2. A ship that makes most people think "Now that I can fly this, I don't want to fly anything else ever again"
One thing about controls: consider adding controller support. Joystick would be great, but also think of x360 controller as many PC gamers have some kind of of xbox pattern controller. This obviously shouldn't mean that game is not easyto play with keyboard/mouse.
Thanks!Loving the ship!
it looks like the bastard son of A Dralthi and HellTalon Bomber
Well to the question of side mounted guns.
I'm not sure how to translate it, since I'm not a native speaker, but will try to expain.
In many WWII flight sims you have to set up the weapons alignment (not sure if this is correct term) range - the distance on shich all your bullets and shells will pass through one point in space.
Probably you can let player configure the alignment at home (1000 clicks? 1250 clicks? Whatever distance you like), change it in flight.
Or just make all your round fly into the target and say "automated alignment system".
As the game develops one thing that can add some variety is how the wingman AI interprets your commands. That allows you as the developer and the player to keep the control scheme simple with basic commands like "attack/protect my target" "disengage" etc. (Although one that I always thought was missing from the wing series was "this one's mine" wherein the AI protects you but doesn't engage your target directly IMO).
On the other hand, you don't want ships to be too similar. And if ships are all evenly balanced but each designed for certain job (bomber, anti-bomber, dogfight etc.) there's a risk that for each mission one of the ships is obviously best choice.
I'm not sure how all this should be done. Maybe 4-6 ships so that you simply sacrifice speed and agility for armor and firepower step by step?
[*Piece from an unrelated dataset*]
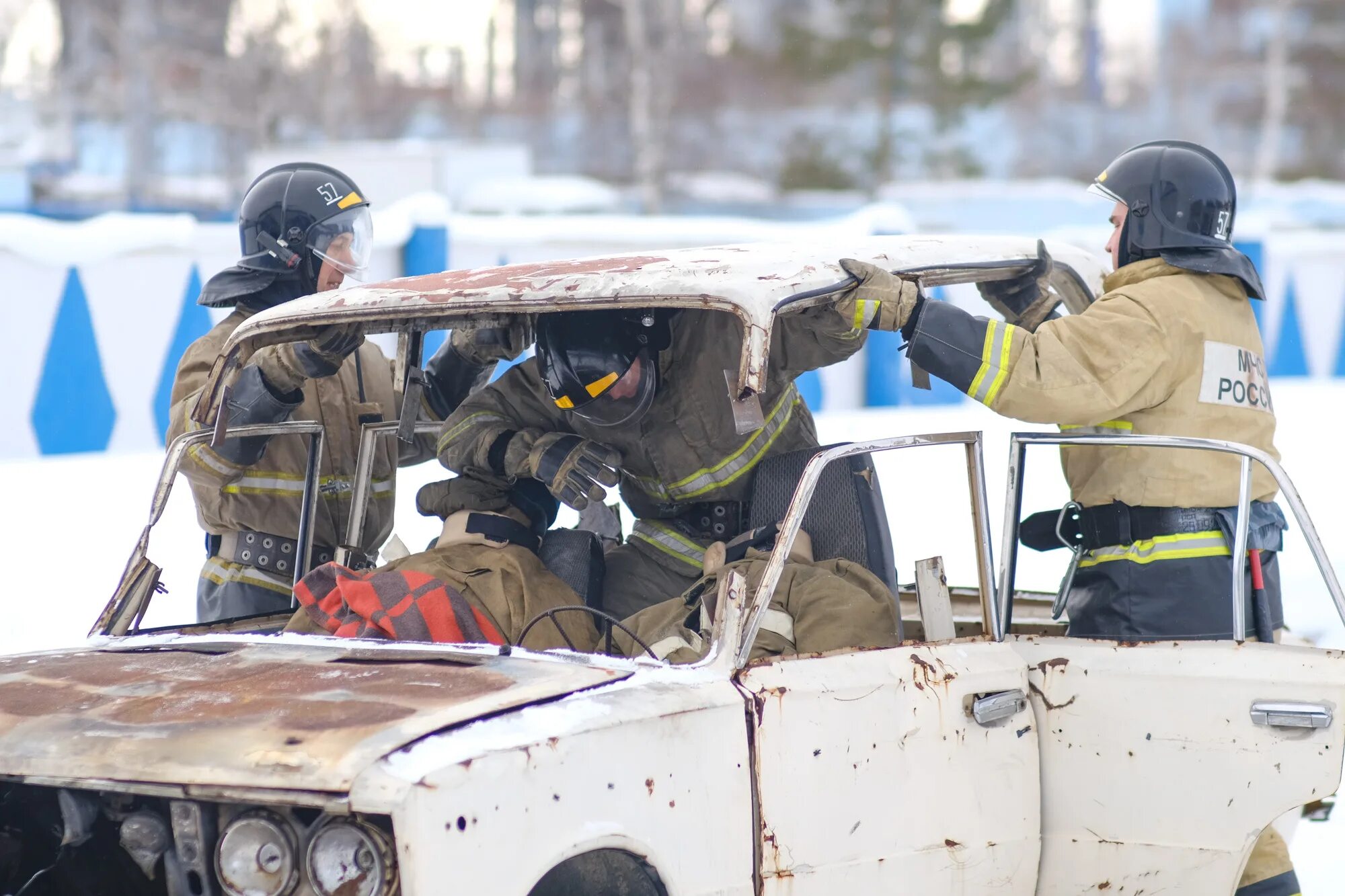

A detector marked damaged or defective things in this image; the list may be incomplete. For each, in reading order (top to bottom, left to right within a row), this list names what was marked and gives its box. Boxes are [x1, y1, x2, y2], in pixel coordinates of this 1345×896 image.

rusty car roof [195, 234, 1108, 422]
rusty car roof [0, 637, 624, 790]
rusty hood [0, 635, 627, 790]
Should A and D be YAW or ROLL? or should the player choose?
Wingmen orders
Depending on the complexity of orders, you could have a power wheel, think Mass Effect, which stops time to allow you to give out specific orders. Give you a tactical view of the field by pushing you into a 3rd person perspective and allow you to use that perspective on your wingmen enhancing your situational awareness, something I never feel I have in 1st person combat view. On the flip, you can give simple commands so that the combat isn't stalled each time you give an order.
Ship durability
I like @Dondragmer 's idea. Taking heavy damage means it's in the shop longer. If you played XCOM:EW then think wounded soldier's. Which you could extend to wingmen taking physical damage in the cockpit.